12.- Il terzo motivo deve essere dichiarato inammissibile trattandosi di una affermazione contenuta ad abundantiam nella motivazione della sentenza di appello, che resta priva, come riconosce anche la ricorrente, di una effettiva incidenza sulla decisione della causa.
13.- Il quarto motivo, attinente alla statuizione emessa dal giudice d’appello in ordine alle spese di lite, resta assorbito nella diversa regolazione delle spese conseguente alla cassazione della sentenza impugnata in relazione all’accoglimento del primo motivo.
14.- Sia il primo che il secondo motivo del ricorso incidentale devono ritenersi infondati.
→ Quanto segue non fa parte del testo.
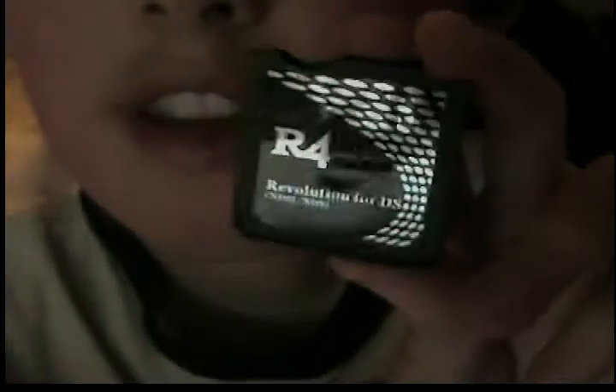What you'll need is the R4 game card, just what I have here. This one's for the DS and the original DS. You'll need an SD card, which I have inserted, and you'll need this adapter, which should come with your R4.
Le censure proposte con tali motivi di impugnazione – pur prescindendo dalle evidenti carenze dell’esposizione dei fatti di causa, che deve essere contenuta anche nel controricorso quando questo racchiuda un ricorso incidentale, e della specifica indicazione degli atti processuali e dei documenti sui quali si fonda il ricorso – si risolvono tutte, infatti, in critiche sulla valutazione degli elementi di fatto acquisiti, involgendo così un sindacato di merito non consentito in sede di legittimità; dovendo rimarcarsi, al riguardo, che il controllo sulla motivazione non può risolversi in una duplicazione del giudizio di merito e che alla cassazione della sentenza impugnata può giungersi non per un semplice dissenso dalle conclusioni del giudice di merito – poichè in questo caso il motivo di ricorso si risolverebbe in un’inammissibile istanza di revisione delle valutazioni e del convincimento dello stesso giudice di merito, che tenderebbe all’ottenimento di una nuova pronuncia sul fatto, sicuramente estranea alla natura e alle finalità del giudizio di cassazione – ma solo in caso di motivazione contraddittoria o talmente lacunosa da non consentire l’identificazione del procedimento logico giuridico posto alla base della decisione (cfr. ex plurimis Cass. 10657/2010, Cass. 9908/2010, Cass. 27162/2009, Cass. 13157/2009, Cass. 6694/2009, Cass. 18885/2008, Cass. 6064/2008).
15.- Il ricorso incidentale va quindi rigettato.
16,- Quanto alla regolazione delle spese processuali, valutando l’esito complessivo del giudizio, e tenuto anche conto del fatto che ancora nel giudizio di appello è stata reiterata e respinta la domanda della G. tendente ad ottenere la declaratoria di nullità del licenziamento (con la condanna del datore di lavoro alla reintegrazione nel posto di lavoro), si ritiene conforme a giustizia confermare la statuizione del Tribunale sulle spese di lite, compensare tra le parti le spese relative al grado d’appello e condannare la società al pagamento delle spese di questo giudizio di cassazione.
P.Q.M.
La Corte, riuniti i ricorsi, accoglie il primo motivo di quello principale, assorbito il secondo e il quarto, inammissibile il terzo;
rigetta il ricorso incidentale; cassa la sentenza impugnata in relazione al motivo accolto e, decidendo nel merito, rigetta la domanda riconvenzionale proposta dalla società; quanto alle spese, conferma la decisione di primo grado, compensa per il secondo grado e condanna la società alle spese del giudizio di cassazione liquidate in Euro 69,00, oltre Euro 2.500,00 per onorari, oltre I.V.A., C.P.A. e spese generali.